BM has agreed to joint custody with equal time between us.  She has also agreed to make me primary residential parent.  She wants me to agree to no child support in TN.  BM has been very tricky in the past.  I have been primary caretaker with her mom for the last year.  

Son is 18 months old.  Should we address school issues now. I am convinced that she thinks that she will take him when he gets school age and she is done drinking and drugging.  I just don"t want to make a mistake that I will regret in a few year.  She wants two days for me and two days for her every week and every other weekend for both.  She wants daycare so that her mom can take care of him at night.  BM works nights.  My mom and I currently take care of him during the day.  I work nights.  She wants me to pay half daycare, however, I do not need daycare.  What should I agree to?  Thanks

ocean

That is great!

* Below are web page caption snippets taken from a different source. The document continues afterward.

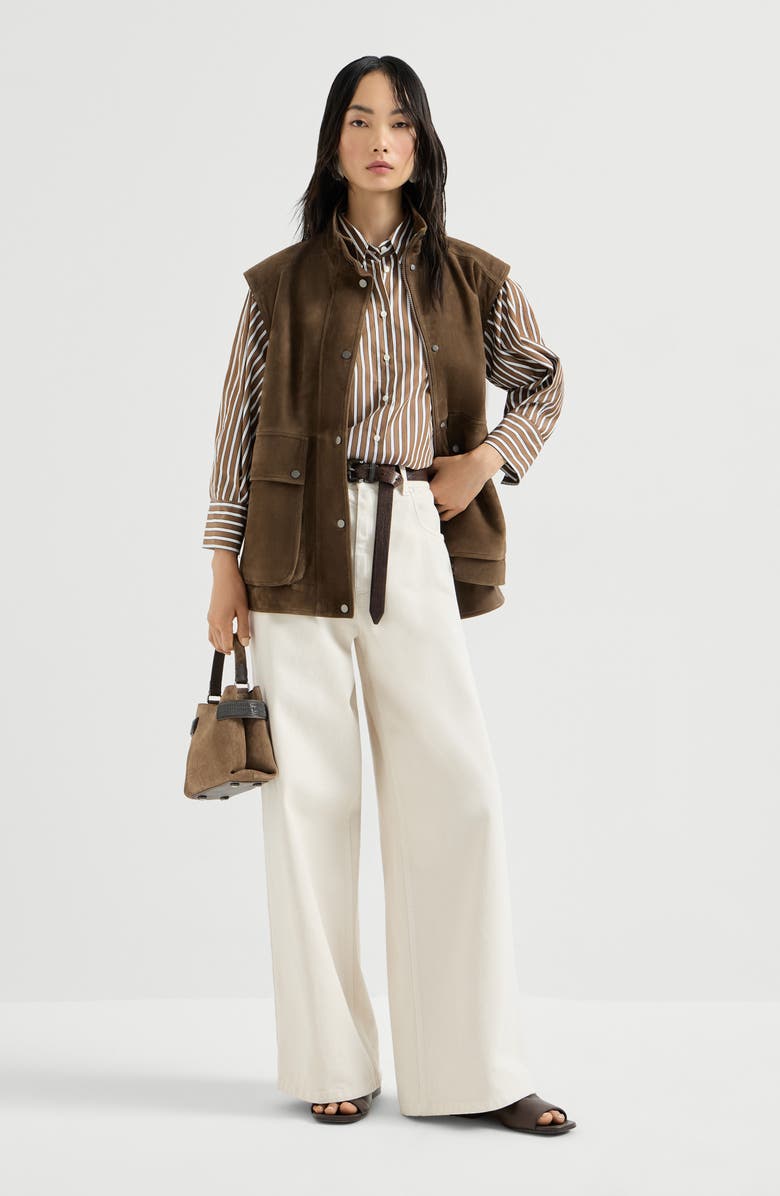 Brunello Cucinelli Shadow stripe poplin shirt, Alternate, color, Brown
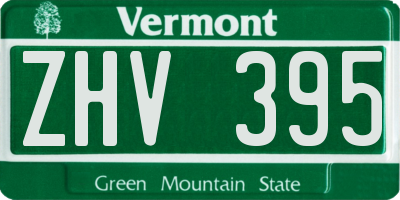 VT license plate ZHV395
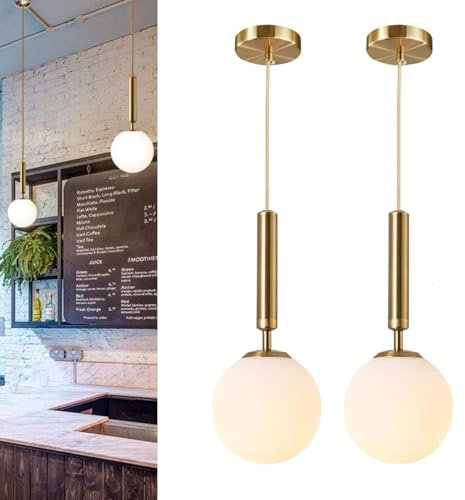 jengush Modern Ceiling Lights Battery Operated Pendant Lights Set of 2,Gold Battery Chandelier with Wireless Remote Dimmable,10 Colors Modes Rechargeable Bulb for Kitchen,Dining Room,Living Room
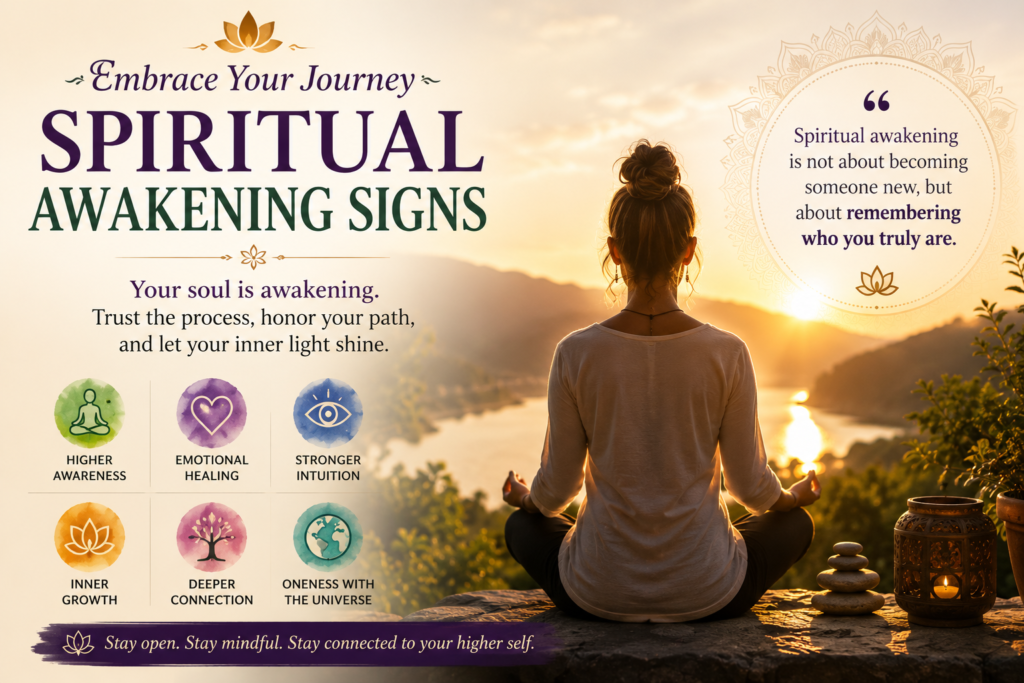 "Spiritual Awakening Signs illustration showing meditation, soul awakening, spiritual growth, and higher consciousness."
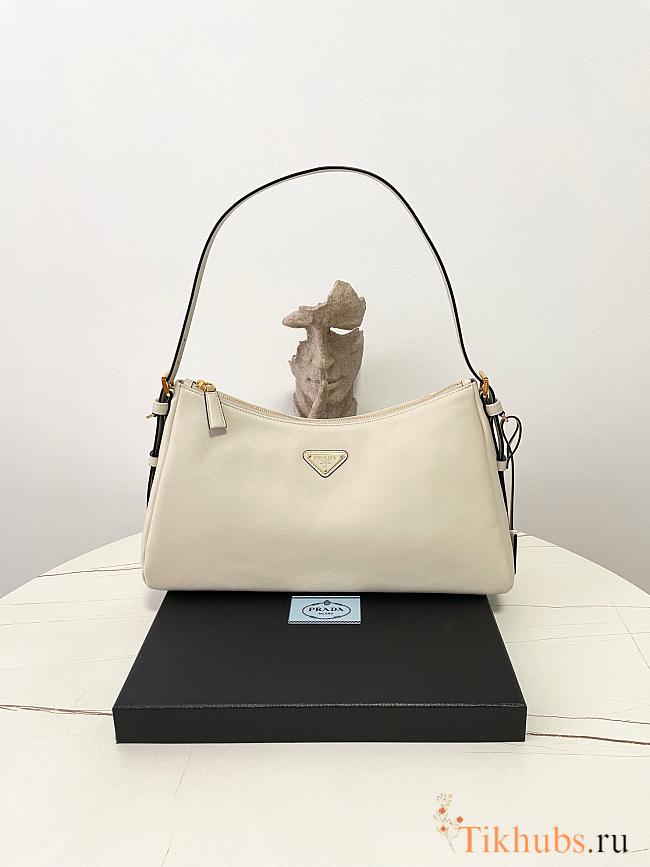 Prada Aimee Large Leather Shoulder Bag White 39x23x12cm - 1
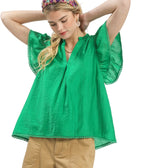 Umgee Flutter Sleeve Relaxed Fit Top with Pom-Pom Trim Detail in Emerald Green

Get it all in writing IN COURT. You can have it drawn up and just file it but make sure it gets in front of a judge with a signature. Many times if you agree, you do not have to be there.
Daycare-She wants to pay her mother??? Nope, usually it has to be a license daycare. You could do one week on and one week off and then each of you are responsible for your own week. You could counter this, with you have costs on your week and since there is no child support, each is responsible. IF she gives you a real hard time, I would consider paying half of daycare TO the provider (no child support) and then it will stop at school-age.
School-I would try every way possible to see if she will agree NOW to let your area be the home school district if you live close enough. She could pick child up from school on a certain day and then keep child for a week, then you switch.
Good luck!

janM

18 months may be a bit young to do the every other week thing. I think the every 2 or 3 days, if they live close, is better. Once he is older and starts school, then they could go that way.

I agree that if there is no support, each is responsible for costs on their time.